'''

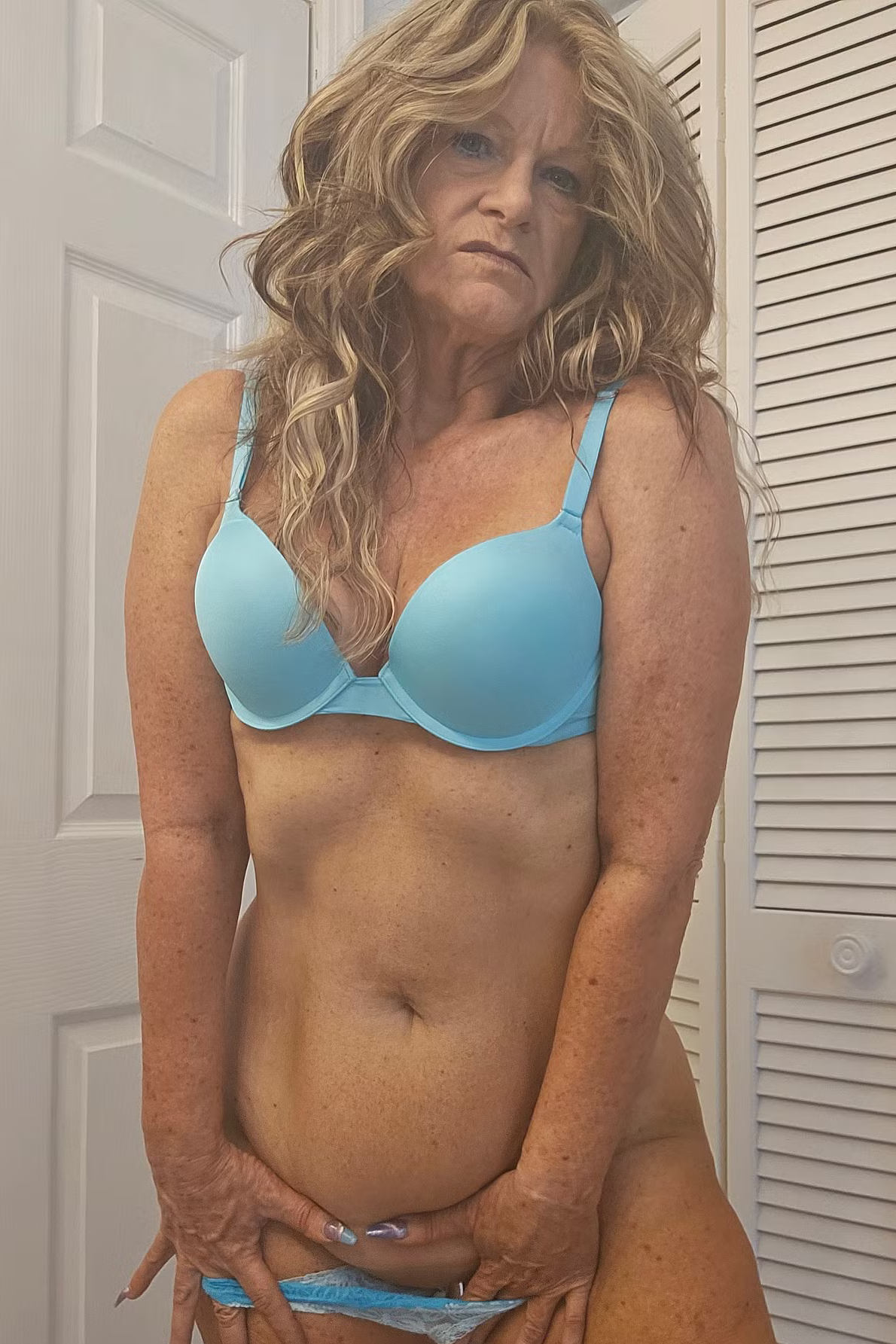 GangBang Kitty Facial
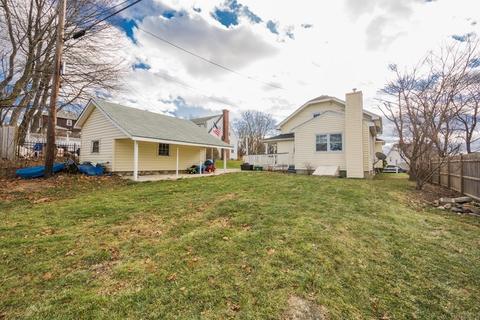 10 Ashburnham St, Worcester, MA 01605 photo 3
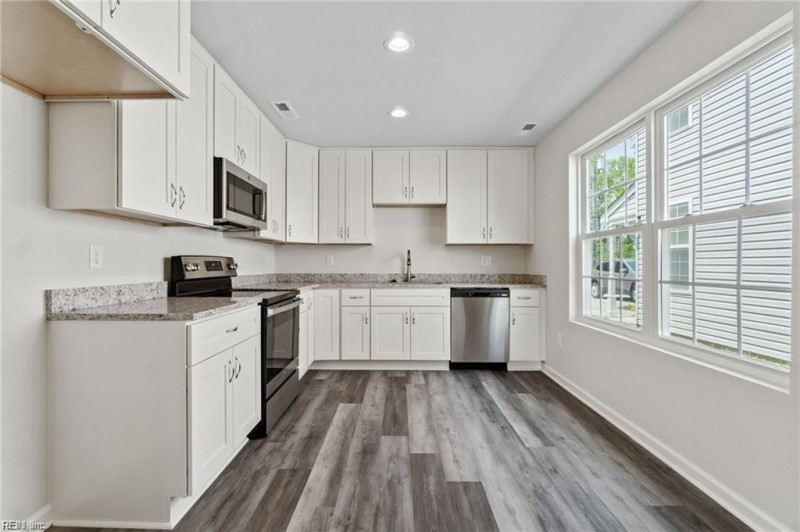 Photo 4 of 9 residential for sale in Chesapeake virginia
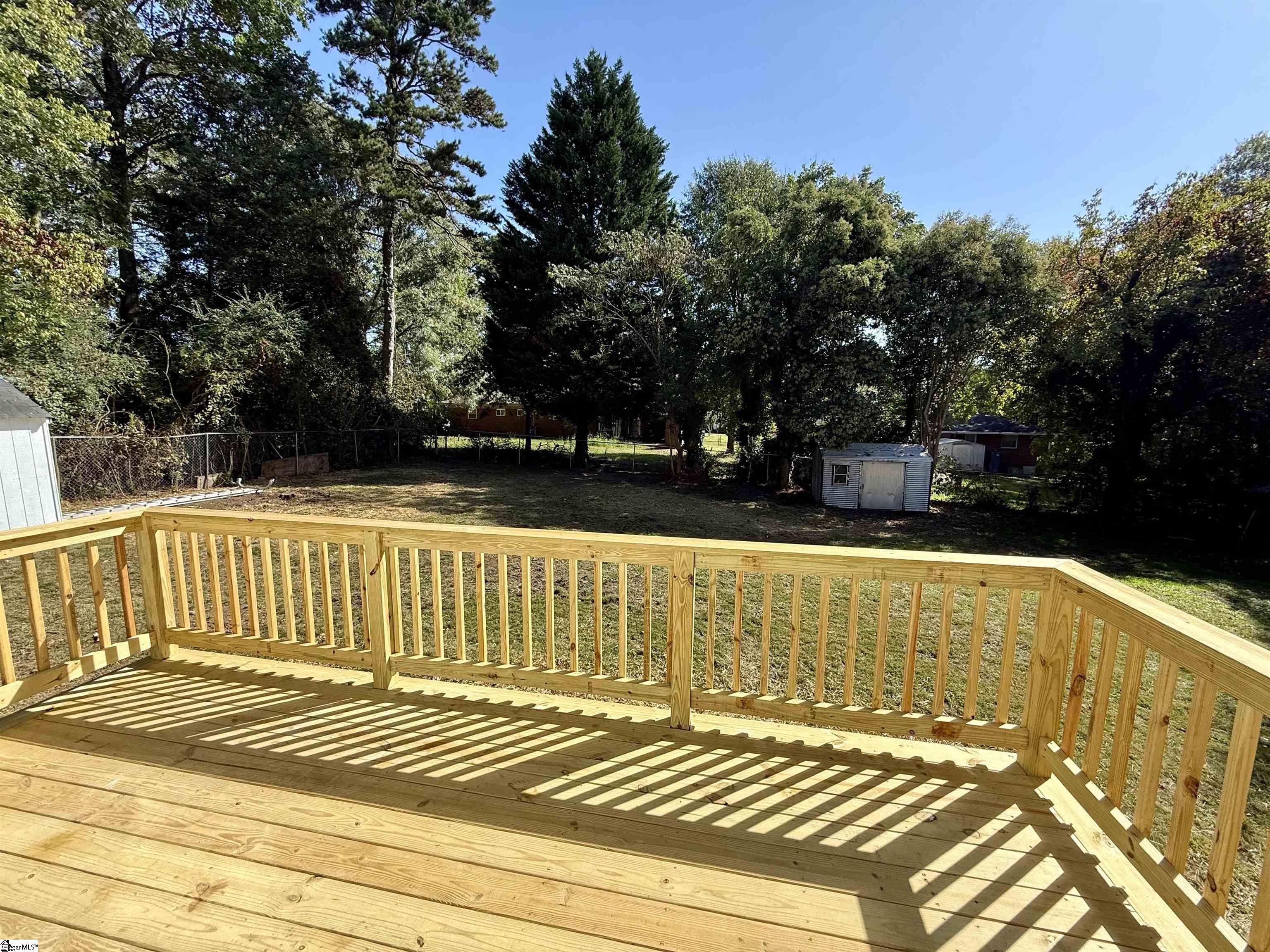 305 Weblin Street Spartanburg, SC 29306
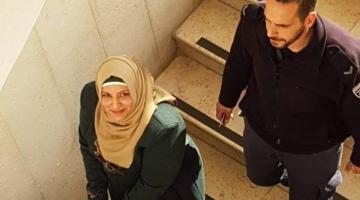 إصابة أسيرة بكسر في قدمها أثناء نقلها مكبلة بالأصفاد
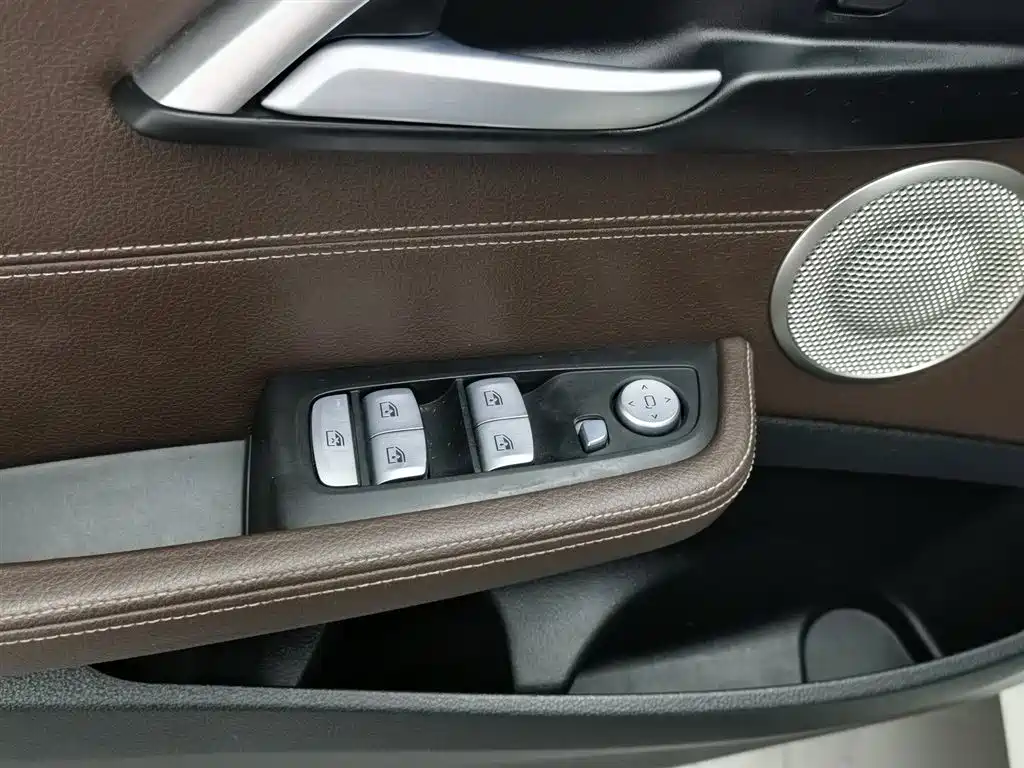 BMW 1 Series 2022 120i M Sport Shadow Edition фото 9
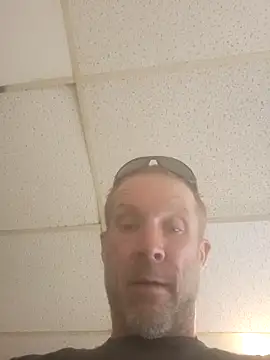 Mrdano0000 online show from 10.28.25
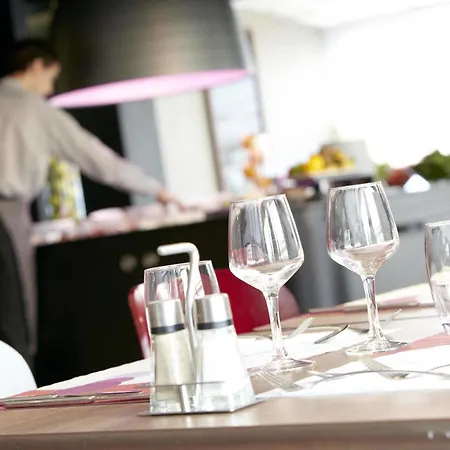 Hotell Campanile Sud - Chr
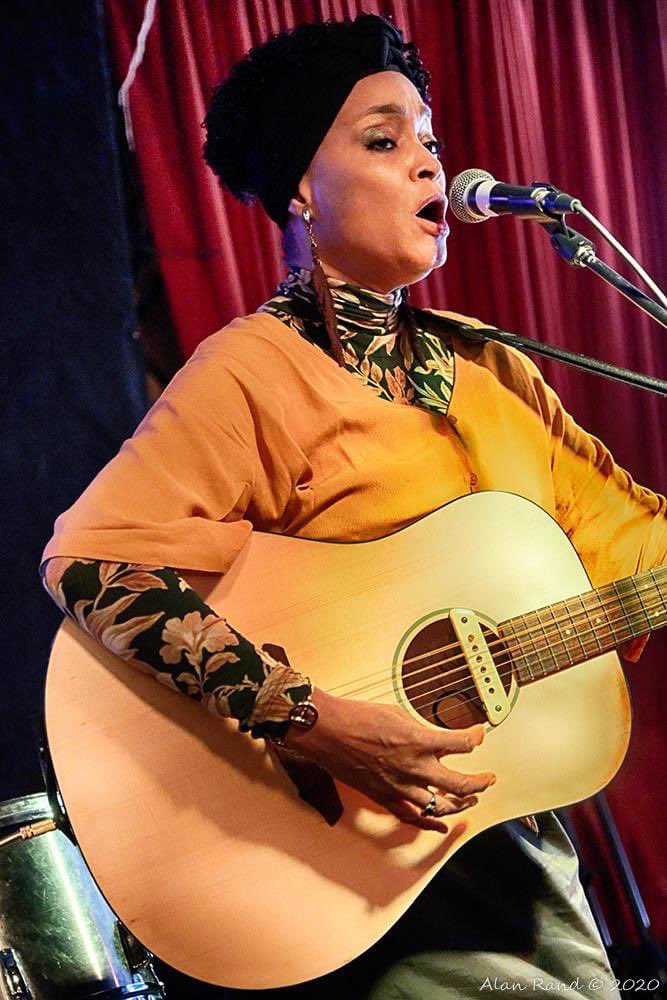 Tuhnite! <a href="/stitchbluesbar/">stitchbluesbar</a> 7-10:PM Tribute to women in the blues. Featuring special guests: Rigel Mary on guitar &amp; vocals Seth Okrend - bass Dave Brakefield - drums Vanessa Lovestone Violizzy &amp; More!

'''

§ Exercise aim:
Each entry gets copied exactly; the pictures stay out.

§ Your solution:
 GangBang Kitty Facial
 10 Ashburnham St, Worcester, MA 01605 photo 3
 Photo 4 of 9 residential for sale in Chesapeake virginia
 305 Weblin Street Spartanburg, SC 29306
 إصابة أسيرة بكسر في قدمها أثناء نقلها مكبلة بالأصفاد
 BMW 1 Series 2022 120i M Sport Shadow Edition фото 9
 Mrdano0000 online show from 10.28.25
 Hotell Campanile Sud - Chr
 Tuhnite! <a href="/stitchbluesbar/">stitchbluesbar</a> 7-10:PM Tribute to women in the blues. Featuring special guests: Rigel Mary on guitar &amp; vocals Seth Okrend - bass Dave Brakefield - drums Vanessa Lovestone Violizzy &amp; More!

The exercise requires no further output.